STATEOCCUPANCYWEIB(times = seq(0,max(datWIDE$Y_D),1), TransCov, 
          newCov = data.frame(X1 = c(0,0.5), X2 = c(0,0.5)), beta = fit[[1]], alpha = fit[[2]], 
          scale = fit[[3]], shape = fit[[4]])

where times is a vector of the times at which the probabilities should be estimated, TransCov is the same as before, and newCov is a data frame containing the covariate values we want to make predictions for. The structure of newCov should match the structure of Cov from the multistate cure model fit. beta, alpha, scale, and shape are the estimated parameter values from the multistate cure model fit.

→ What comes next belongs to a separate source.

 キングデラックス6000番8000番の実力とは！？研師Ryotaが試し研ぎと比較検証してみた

Cox (Non-parametric) Baseline Hazards, Fit using EM Algorithm

Suppose next that the multistate cure model was fit assuming Cox baseline hazards and using data that had no missing covariates or unequal censoring. We can run the corresponding RShiny app using the following code:

Haz = BaselineHazard_NOIMP(datWIDE, Cov, beta = fit[[1]], alpha = fit[[2]], TransCov, ASSUME = 'SameHazard', p = fit[[5]]) 
STATEOCCUPANCYCOX_NOIMP(times = seq(0,max(datWIDE$Y_D),1), TransCov, 
          newCov = data.frame(X1 = c(0,0.5), X2 = c(0,0.5)), beta = fit[[1]], alpha = fit[[2]], 
          Haz_13 = Haz[[1]], Haz_24 = Haz[[2]], Haz_14 = Haz[[3]], Haz_34 = Haz[[4]])

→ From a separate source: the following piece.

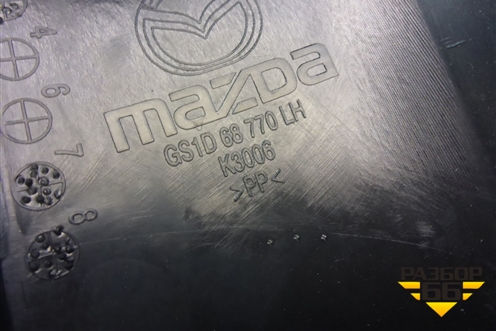 Обшивка стойки задняя нижняя левая (GS1D68770) для Mazda Mazda 6 (GH) с 2007-2012г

Here, the function BaselineHazard_NOIMP provides the estimate for the cumulative baseline hazard function for each transition at the final iteration of the EM algorithm. We use these cumulative hazards to estimate the state occupancy probabilities.beta and alpha are the estimated parameter values from the multistate cure model fit, and TransCov, Cov, and ASSUME are the same as in MultiCure. newCov is a data frame containing the covariate values we want to make predictions for. The structure of newCov should match the structure of Cov from the multistate cure model fit.